Datasets
Dataset is a collection of organized data. Datasets can be represented in various formats, such as tables (e.g. CSV files), databases, or specialized data formats.
Data format
I see that the most common formats used for storing data are Text Plain, Markdown, JSONL and Parquet.
JSONL is a text file, it is the simplest.
Parquet is a binary data storage.
Judging by the number of datasets, the Parquet format is in the lead for text data.
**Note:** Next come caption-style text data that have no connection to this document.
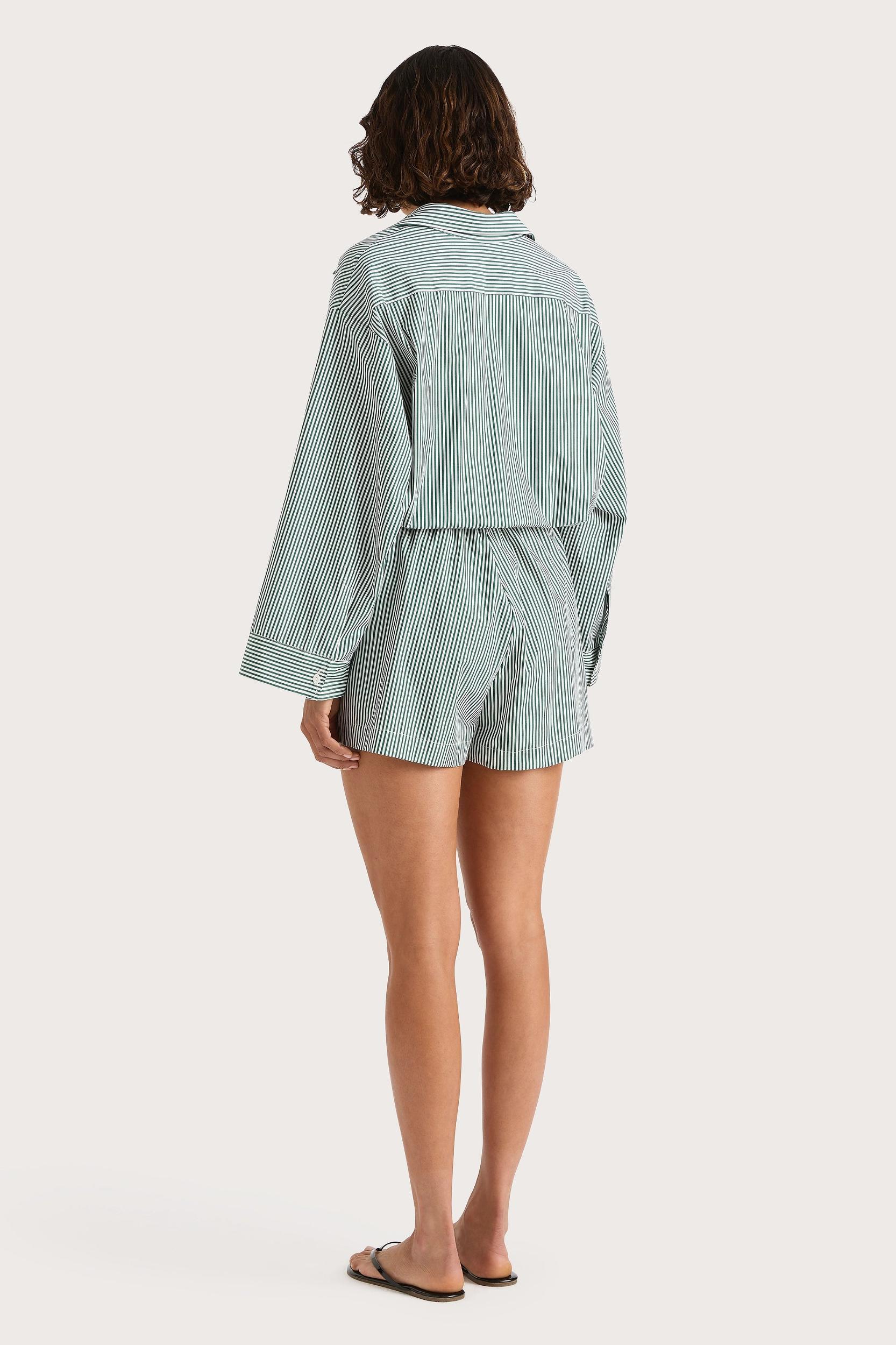 Marianne Midi Dress Green Stripe Product Image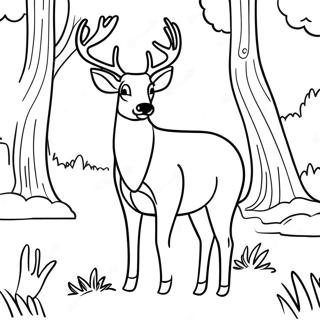 Buck Realistic Deer Coloring Pages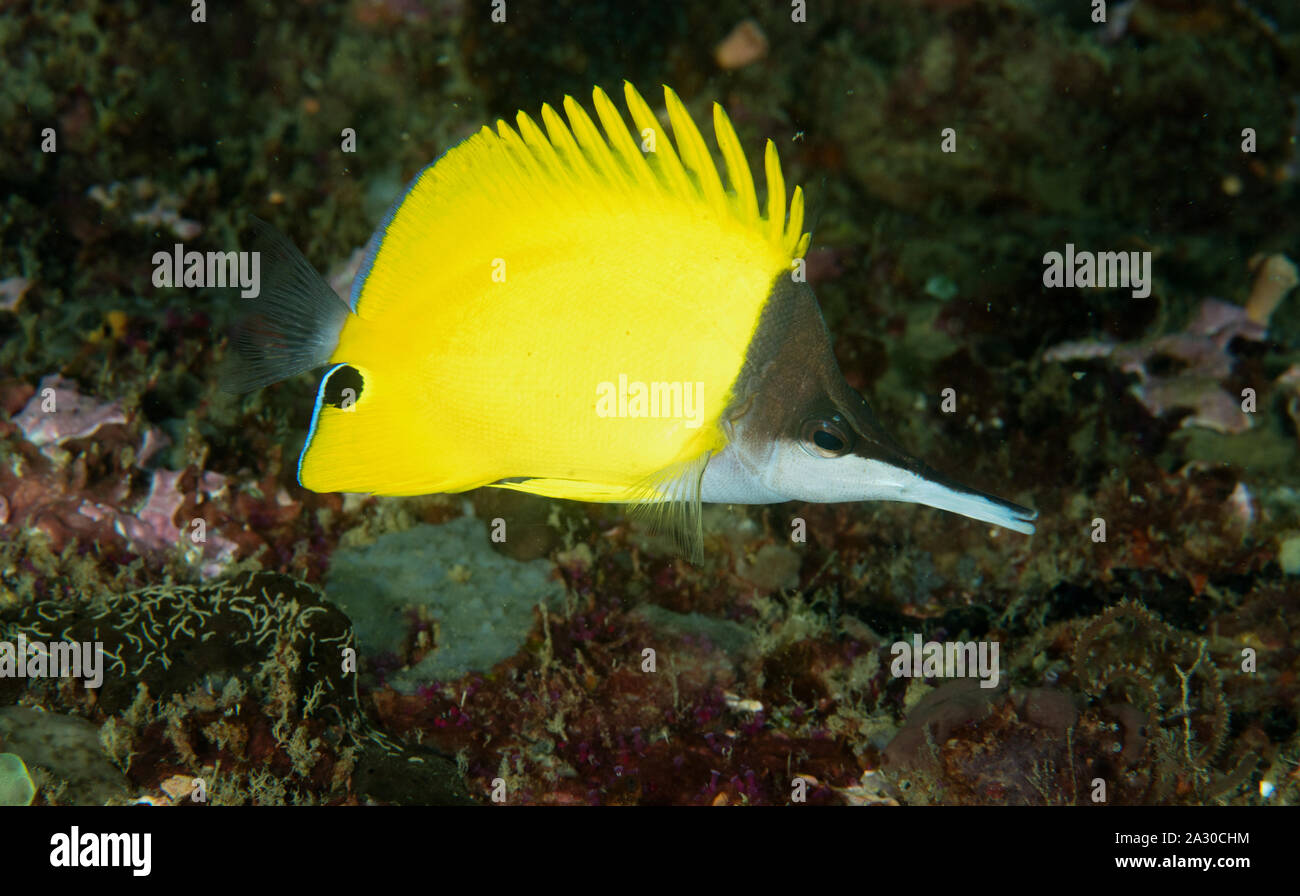 Big longnose butterflyfish, Forcipiger longirostris, Sulawesi Indonesia. Stock Photo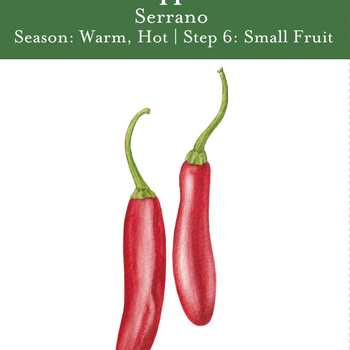 Serrano Pepper Seeds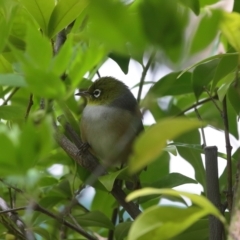 Zosterops lateralis (Silvereye) at Calwell, ACT - 20 Sep 2021 by lucifuge1968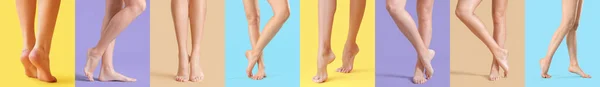 Collage Legs Beautiful Barefoot Women Colorful Background — Stockfoto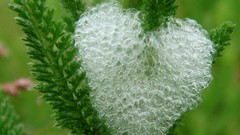 Nature Hearts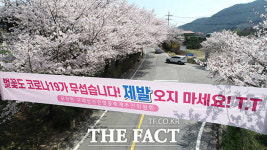추첨된 3,500명만 가능…코로나19로 올해도 벚꽃축제 취소 [TF사진관]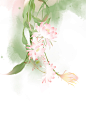 昙花1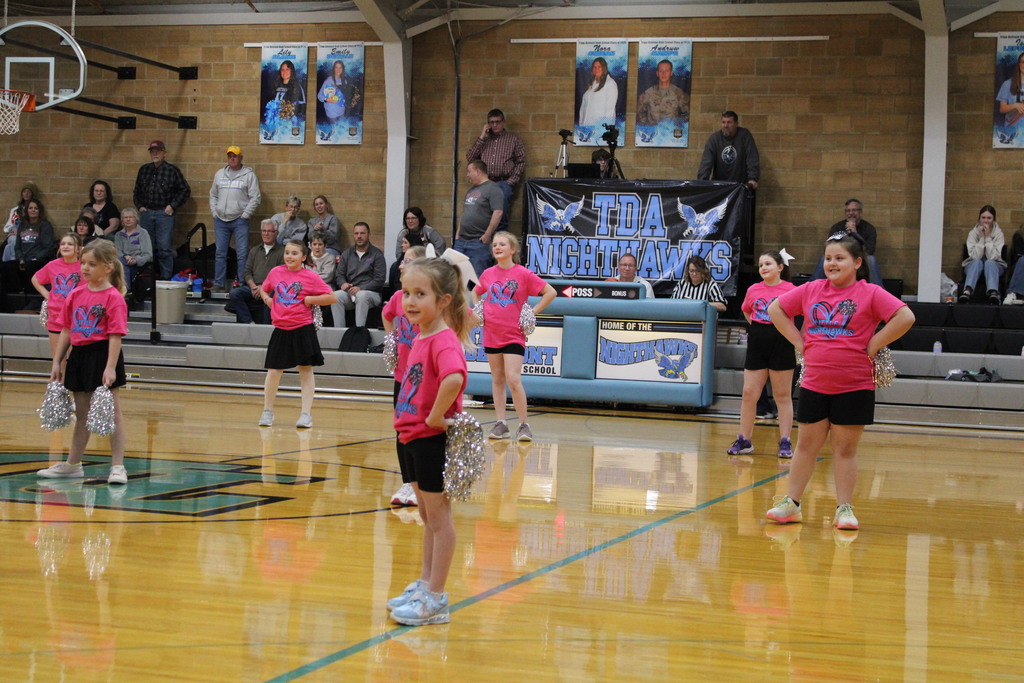 Little Nighthawk Cheer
For example, below are two dataset structures in JSONL format:
{"messages":[{"role": "system", "content": "You are..."}, {"role": "user", "content": "..."}, {"role": "assistant", "content": "..."}]}
{"messages":[{"role": "system", "content": "You are..."}, {"role": "user", "content": "..."}, {"role": "assistant", "content": "..."}]}
{"messages":[{"role": "system", "content": "You are..."}, {"role": "user", "content": "..."}, {"role": "assistant", "content": "..."}]}
{"prompt": "<prompt text>", "completion": "<ideal generated text>"}
{"prompt": "<prompt text>", "completion": "<ideal generated text>"}
{"prompt": "<prompt text>", "completion": "<ideal generated text>"}
Special tokens
- Beginning Of Sentence (bos) - is a special token that marks the beginning of a sentence. For Llama realm models is
<s>
. - End Of Sentence (eos) - is a special token that marks the end of a sentence. For Llama realm models is
</s>
. - Padding (pad) - special token for unifying the length of a sequence in a batch.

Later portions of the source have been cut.